Dr Yaw Adu-Ampomah, the third prosecution witness in the trial involving Dr Stephen Opuni and one other, has said the Public Procurement Authority (PPA) was usurping its powers, when it came to be advising on purchase of agro-chemicals.

He said even though the authority advised on how bidding should be done going forward from being sole sourcing to restrictive tendering to bring out competition, there were technicalities involved in the bidding process.

Dr Adu-Ampomah was answering questions in a cross-examination led by Mr Samuel Cudjoe, the counsel for Dr Opuni.

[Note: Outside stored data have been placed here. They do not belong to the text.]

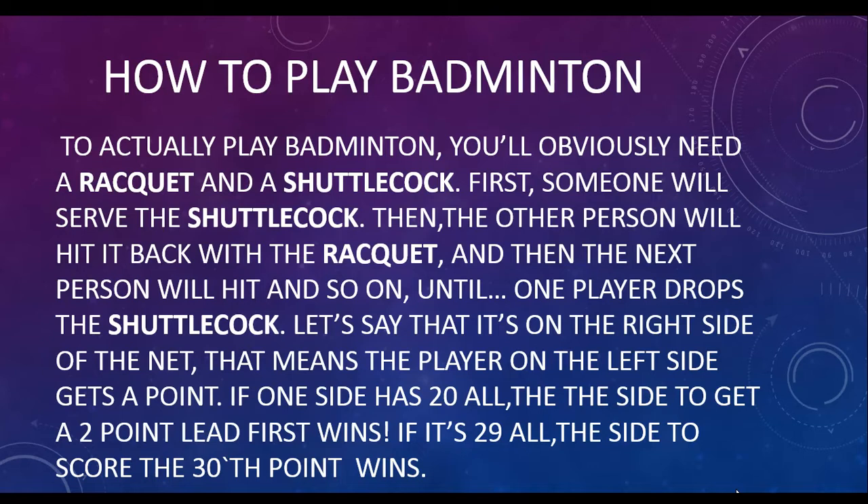Let's say the shuttlecock drops on the right side of the net — that means the player on the left side gets the point. If one side has 20-all, the side to get a 2-point lead first wins. If it's 29-all, the side to score the 30th point wins.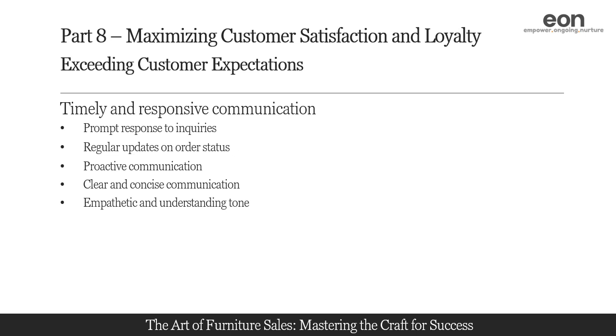Adopt an empathetic and understanding tone in your communication. Put yourself in the customer's shoes and consider their perspective when crafting your responses. Show empathy and acknowledge any frustration or concerns they may have. A warm and understanding tone can go a long way in building trust and making customers feel valued.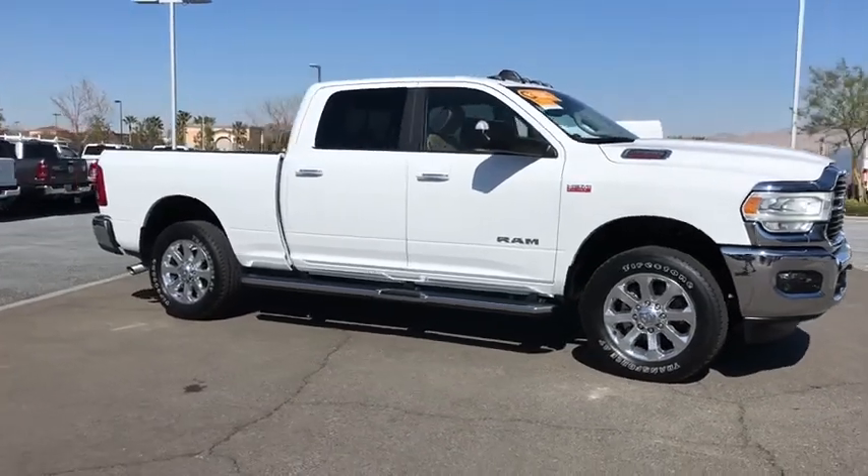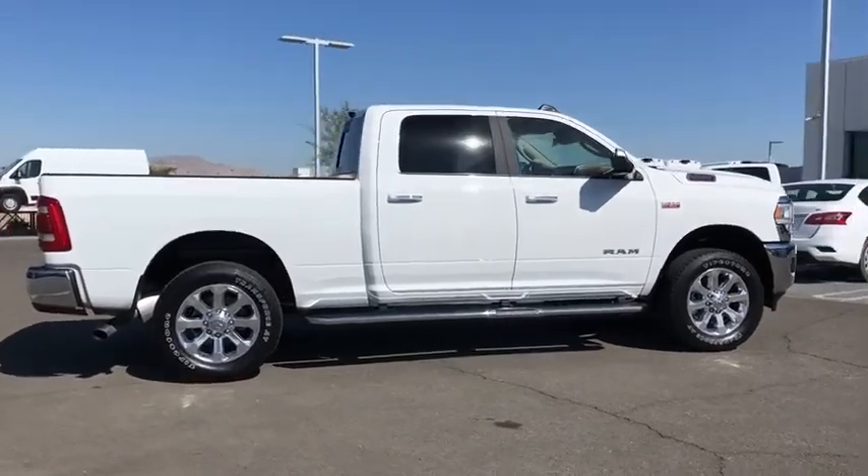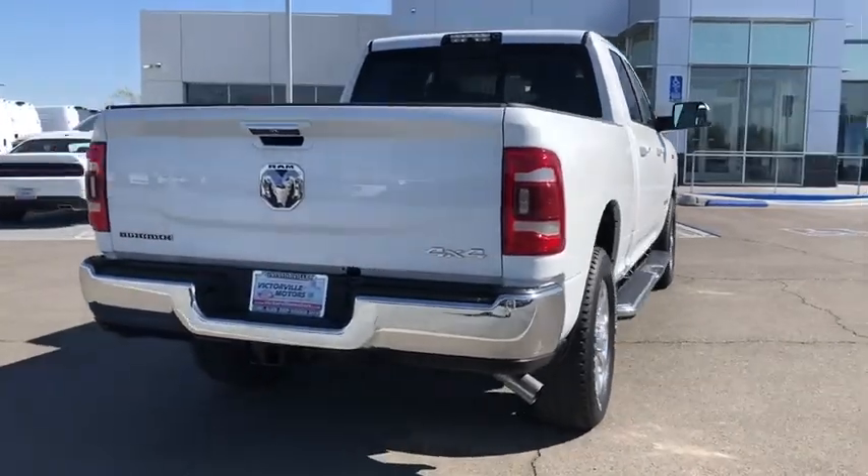Looking for the right vehicle? Check out the 2019 Ram 2500. Ram 2500 is the 2010 Truck of the Year winner. It's the hardest working truck in the tow business.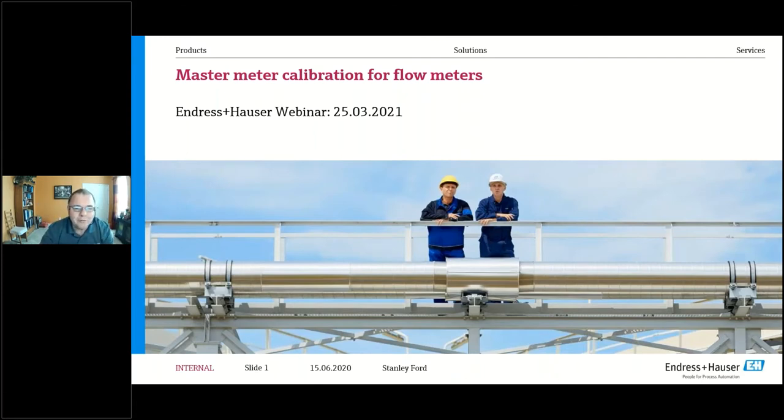Good morning, afternoon, and evening — welcome everybody to our third series of oil and gas related webinars from Endress+Hauser. Today we will discuss master meter proving, a very important topic as most flow meters that need proving are the cash registers of plants. The speaker today is Stanley Ford, who works out of Dubai for our flow division with its headquarters in Reinach, Switzerland.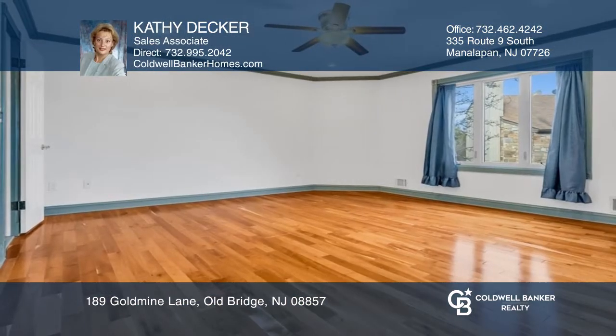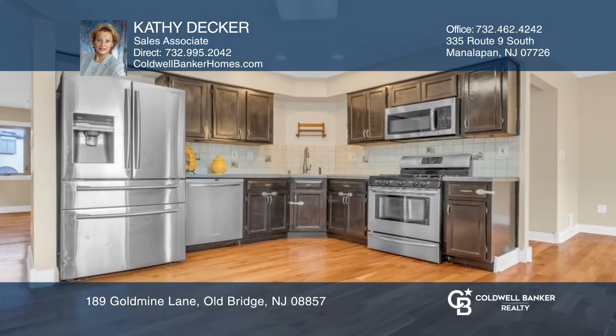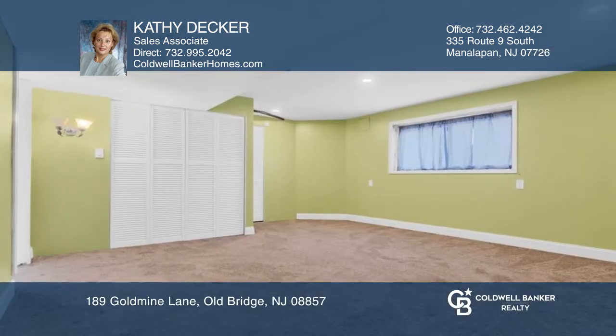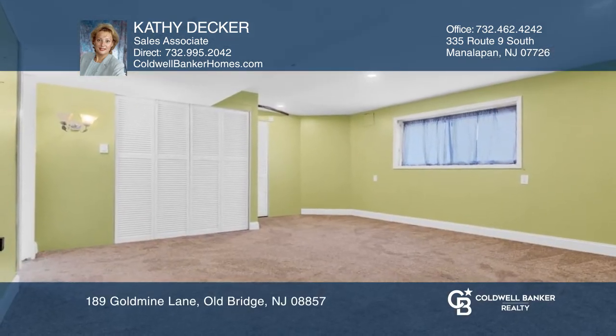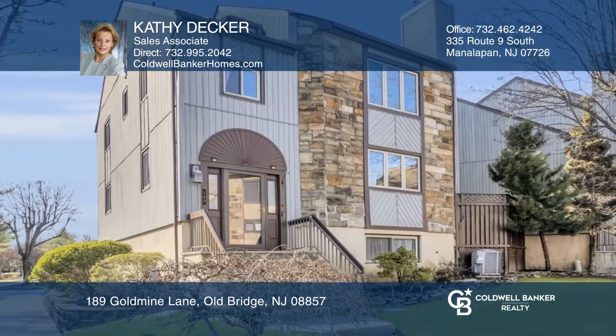This beautifully maintained three bedroom, two full and two half bath home boasts cherry hardwood floors throughout, decorative moldings, newer roof, hot water heater and washer and dryer, stainless steel appliances in the eat-in kitchen, large living room with wood burning fireplace, finished basement and patio. Come see it today with Kathy Decker.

Asked that during his first and second coming to COCOBOD, had it come to his knowledge that the only instance in which agro-chemicals were purchased through restricted tendering was upon the advice and instructions of the PPA, the witness said “all procurements done by COCOBOD whiles I was there previously or when I came again are done with the advice of the PPA.”

Mr Cudjoe asked the witness that PPA in response to the application for restricted rendering as contained in its letter approved the application by letter dated 29 March 2018 and the witness agreed.

“In fact, contrary to what you are saying at the time PPA granted approval for restrictive rendering on 29/3/2018, COCOBOD had not awarded contracts to any of the companies which are the subject of the restrictive rendering,” the counsel asked but witness disagreed.

The Defence pointed to the witness that on the March, 5 2018, when COCOBOD applied for restrictive tendering to purchase chemicals, insecticides and fertilizers of $52 million, it applied for approval to purchase a larger quantity of these chemicals through sole source to PPA in the sum of $97,913,750 for the same 2017/18 CODATEXH HITEC programme, and the witness agreed.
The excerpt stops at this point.